[Start of Attachment]

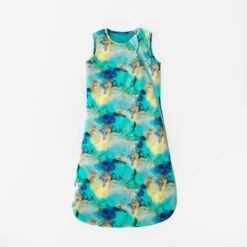 Marble-ous Sleep Bag 7 Marble-ous Sleep Bag -DREAMIERE Store marblesleepbag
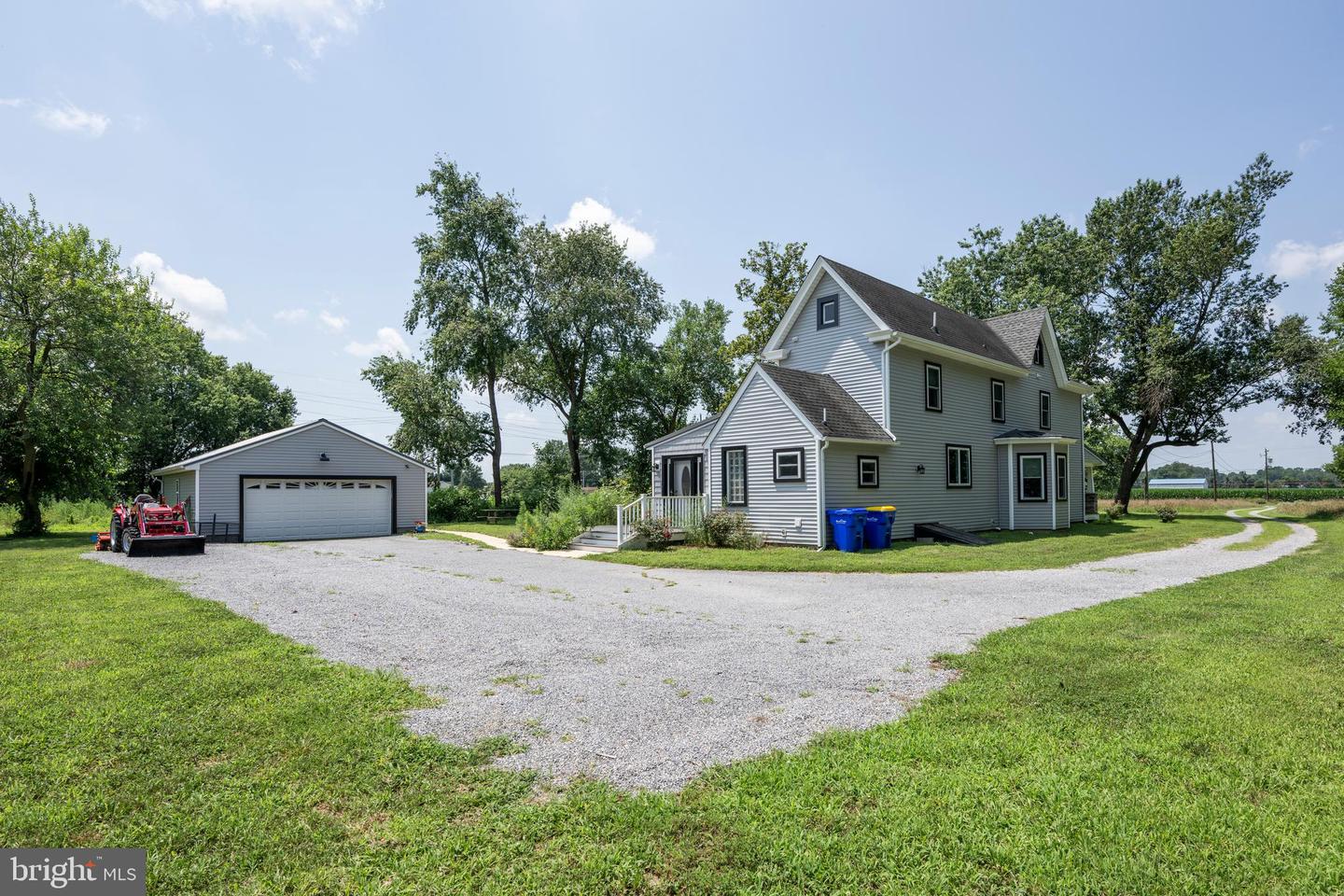 DESU2087878-804000682166-2025-07-10-13-21-09 7299 Marshall St | Lincoln, DE Real Estate For Sale | MLS# Desu2087878  - Jack Lingo REALTOR DESU2087878-804000682166-2025-07-10-13-21-09 7299 Marshall St | Lincoln, DE Real Estate For Sale | MLS# Desu2087878  - Jack Lingo REALTOR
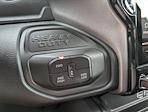 New 2026 Ram 2500 Laramie Crew Cab for sale #261171 - photo 30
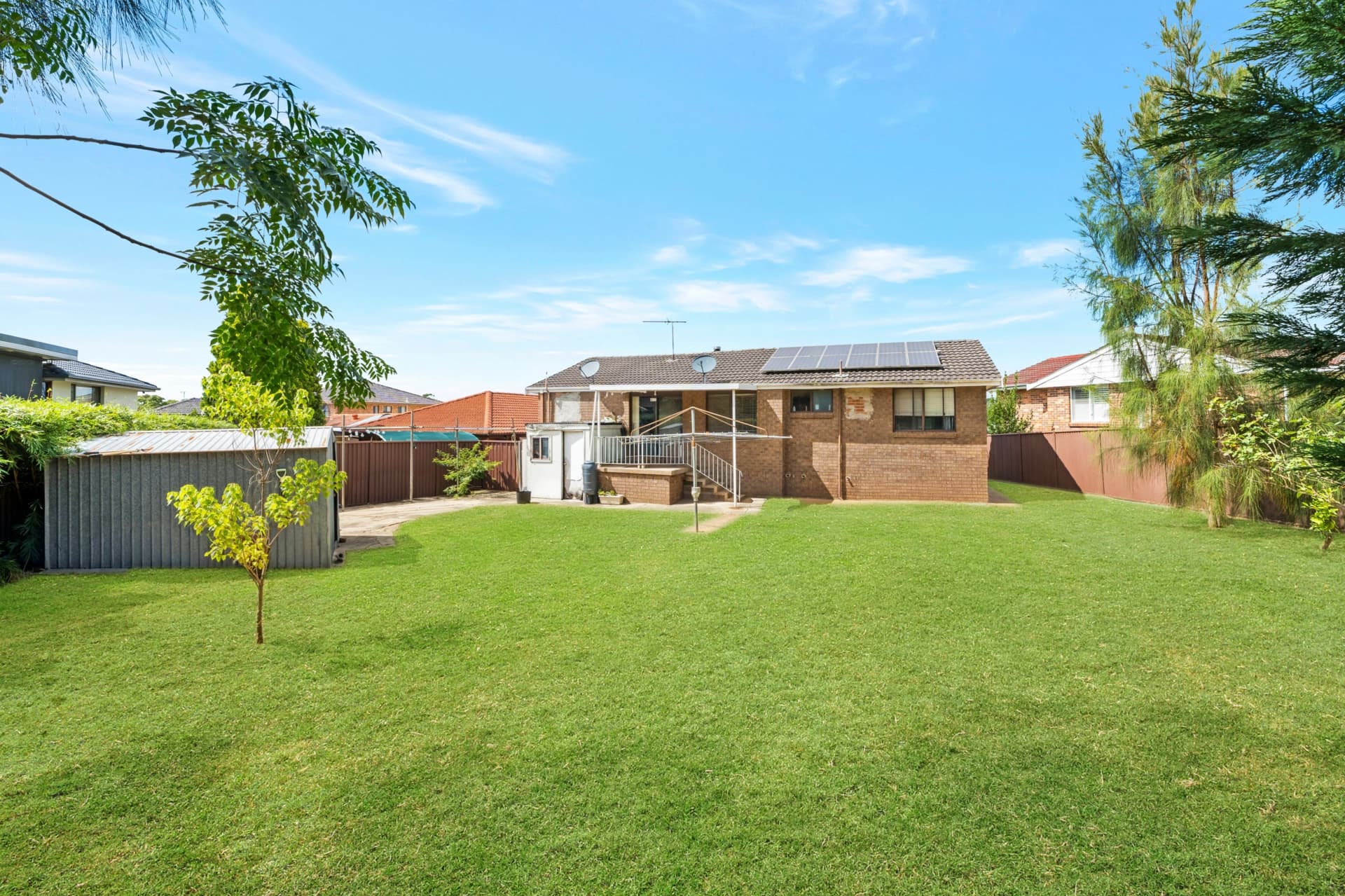 12 Albany Close, Wakeley, Wakeley - Thumbnail 2
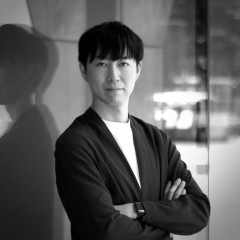 湯浅 拓也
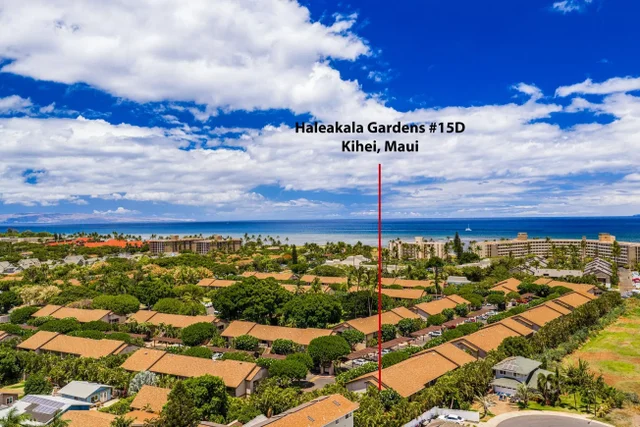 Listing Image for 15 Kulanihakoi St 15d 23 of 28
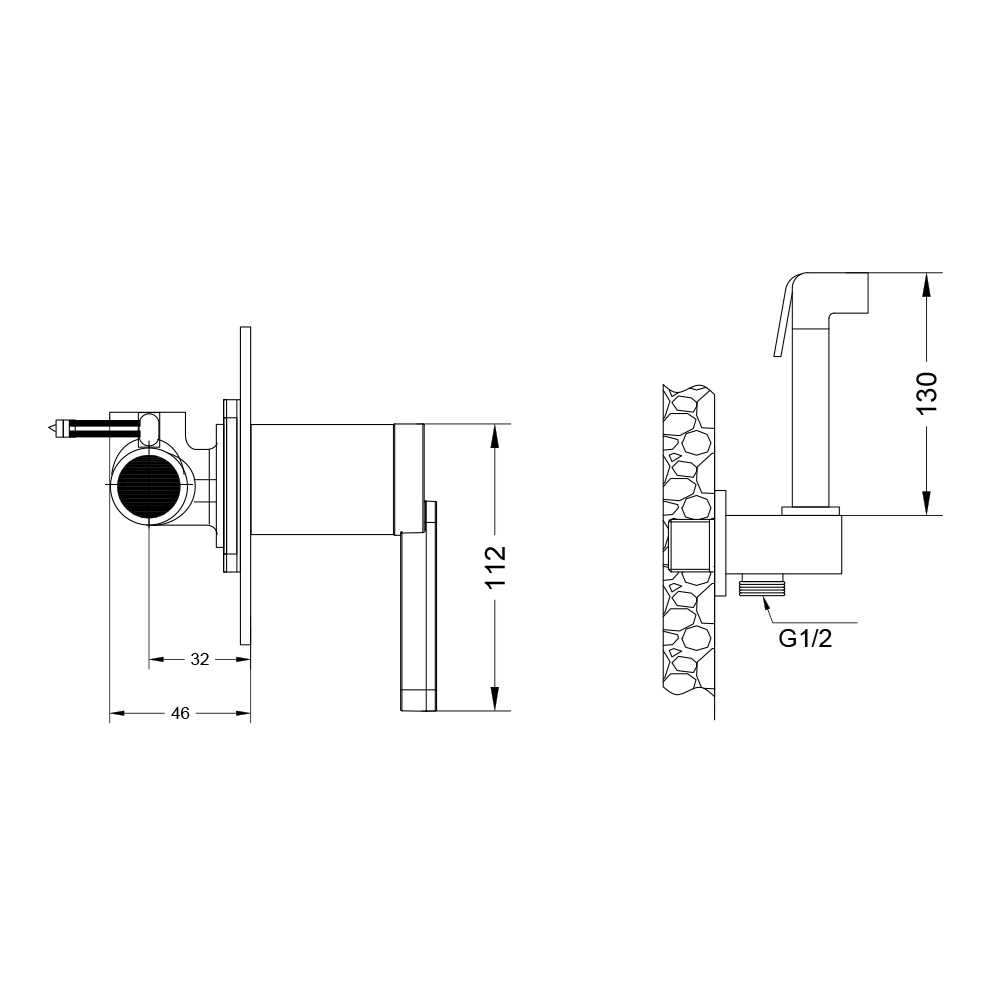 V083553G_2
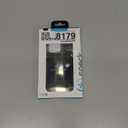 Speck Products Presidio Grip Samsung Galaxy S20 Ultra Case, Black/Black (136381-1050)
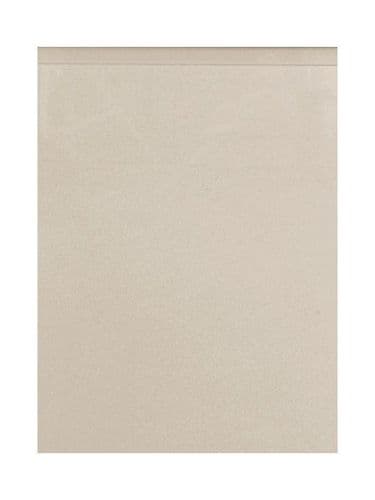 Remo Gloss Cashmere Sample door - 570x397mm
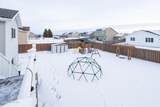 2193 Star Avenue - Photo 29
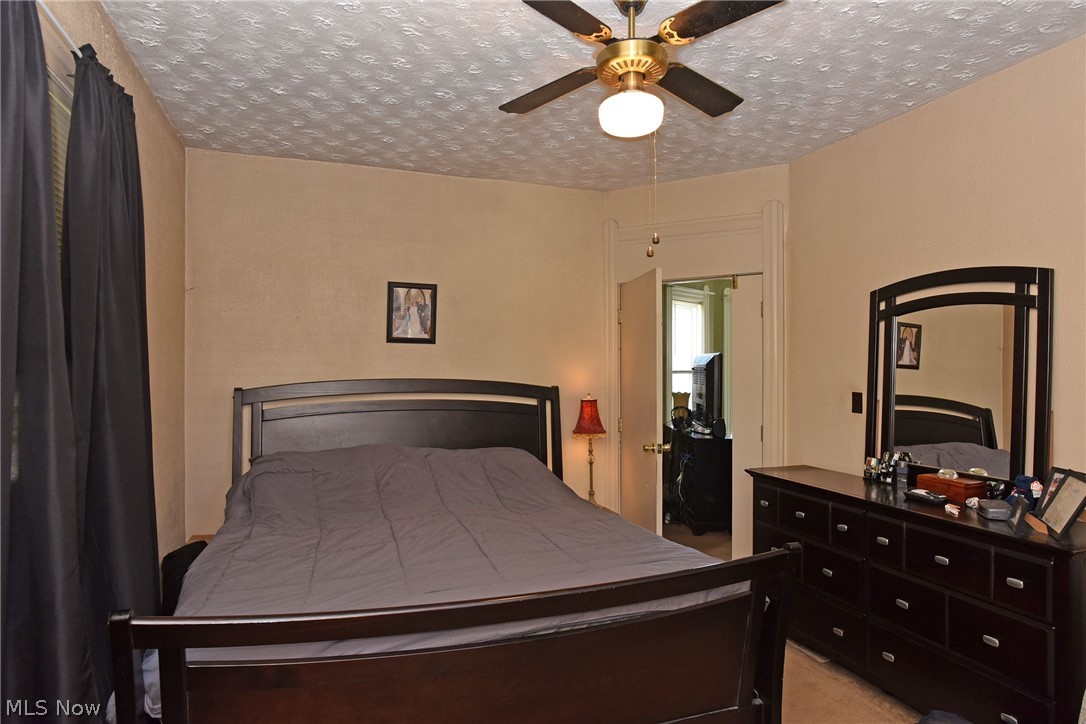 Massillon - Residential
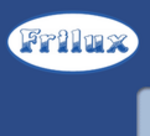 POLYTECHNIK Kft. logo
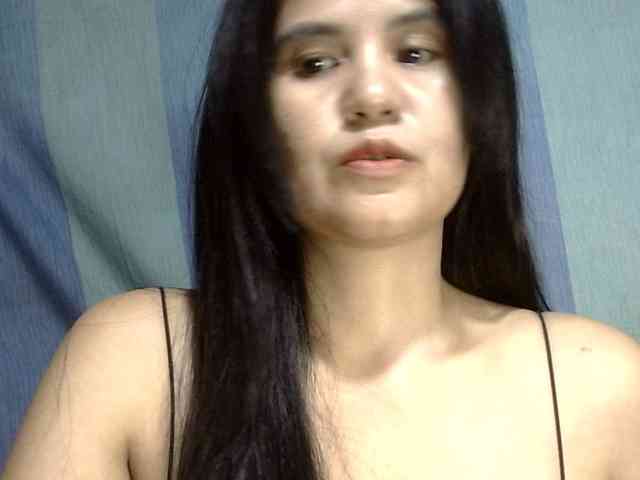 HOTTIEMEE Live Webcam on BongaCams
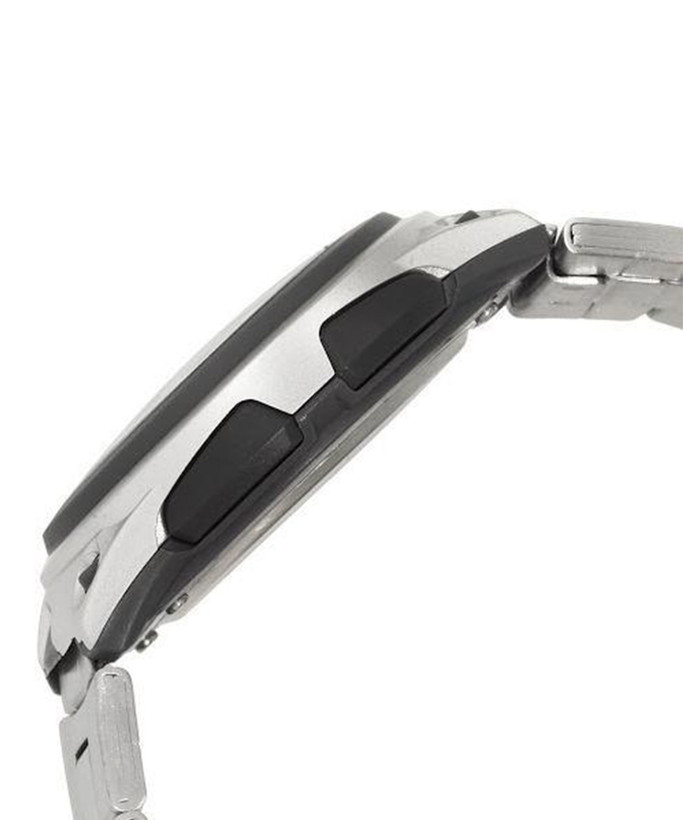 ساعت مچی مردانه کاسیو، زیرمجموعه Standard, کد AW-80D-1AVDF
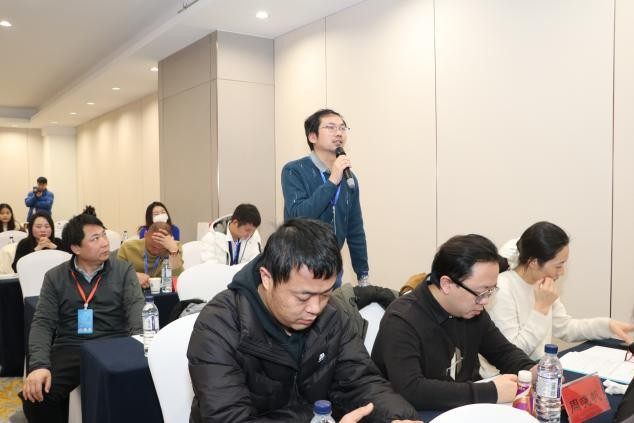 89de0a41819944e48edc58265f27d4c8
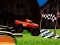 Draw Bridge 3D  – Monster Truck — безкоштовна онлайн гра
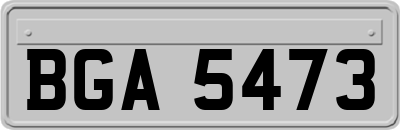 BGA5473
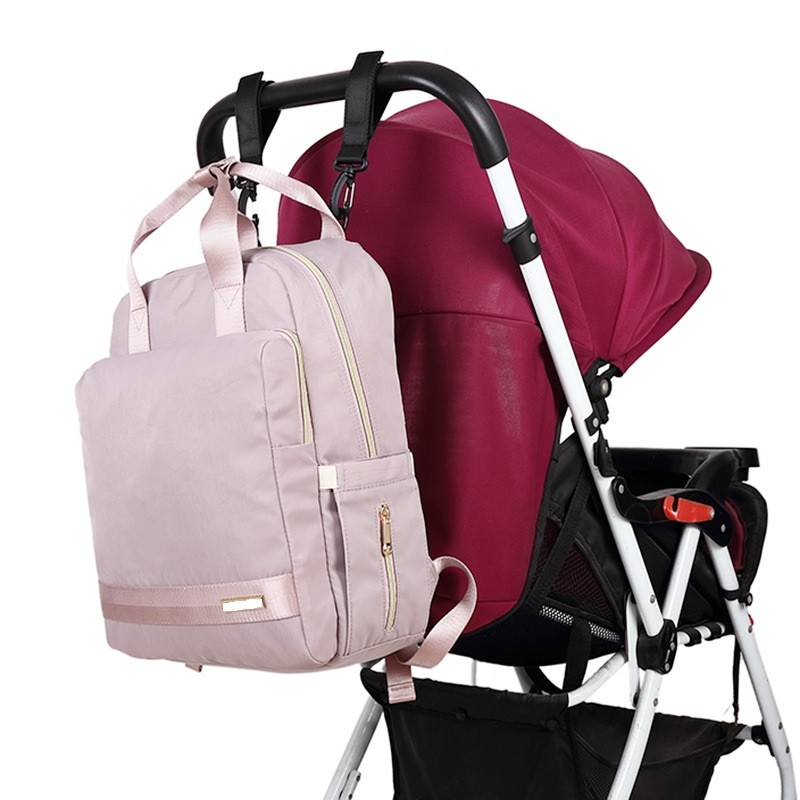 O1CN01SCOqDf1sr9NruNG9O_!!1000875819-0-cib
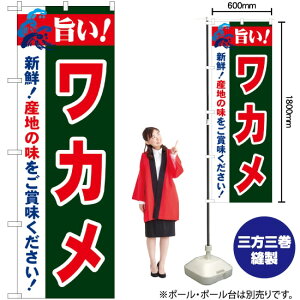 |IJ ̂ڂ No.21662i󒍐YiELZsj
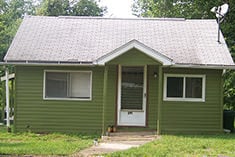 Building Photo - 291 Summer School Rd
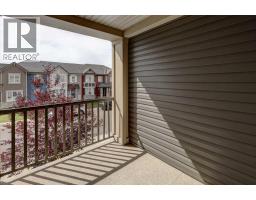 51 Cityscape Row NE - photo 14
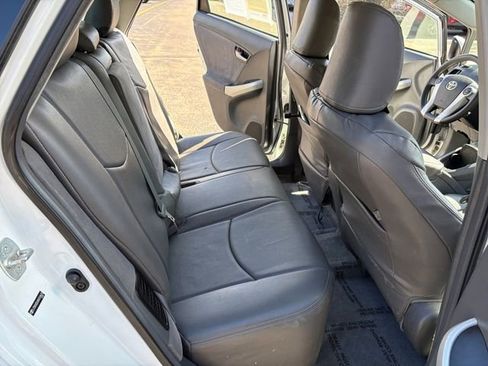 Used 2010 Toyota Prius Two image 17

[End of Attachment]

Exercise description
Nothing but the lines from the one that contains "O1CN01SCOqDf1sr9NruNG9O_!!1000875819-0-cib" through the end of the material above is to be reproduced, exactly and without pictures.

Answer space
 O1CN01SCOqDf1sr9NruNG9O_!!1000875819-0-cib
 |IJ ̂ڂ No.21662i󒍐YiELZsj
 Building Photo - 291 Summer School Rd
 51 Cityscape Row NE - photo 14
 Used 2010 Toyota Prius Two image 17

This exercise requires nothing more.